### Task to complete
Considering the entries that follow, report how many lines include the string "Sport", giving the number alone.

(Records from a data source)
-=-=-=-=-
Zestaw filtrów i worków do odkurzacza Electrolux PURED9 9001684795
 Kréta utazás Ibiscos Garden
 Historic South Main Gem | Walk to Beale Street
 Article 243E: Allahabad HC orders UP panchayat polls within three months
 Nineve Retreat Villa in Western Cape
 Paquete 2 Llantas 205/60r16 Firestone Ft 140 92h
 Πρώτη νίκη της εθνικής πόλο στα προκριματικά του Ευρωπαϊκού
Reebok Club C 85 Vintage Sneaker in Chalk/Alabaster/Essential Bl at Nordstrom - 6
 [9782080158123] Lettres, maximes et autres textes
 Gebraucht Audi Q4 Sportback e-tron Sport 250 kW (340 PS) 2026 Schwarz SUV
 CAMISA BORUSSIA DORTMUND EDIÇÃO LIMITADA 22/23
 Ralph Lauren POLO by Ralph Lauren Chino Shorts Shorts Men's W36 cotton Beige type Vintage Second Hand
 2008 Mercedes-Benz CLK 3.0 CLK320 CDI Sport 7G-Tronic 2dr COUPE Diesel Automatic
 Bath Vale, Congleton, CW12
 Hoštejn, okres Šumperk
-=-=-=-=-
### Answer box
2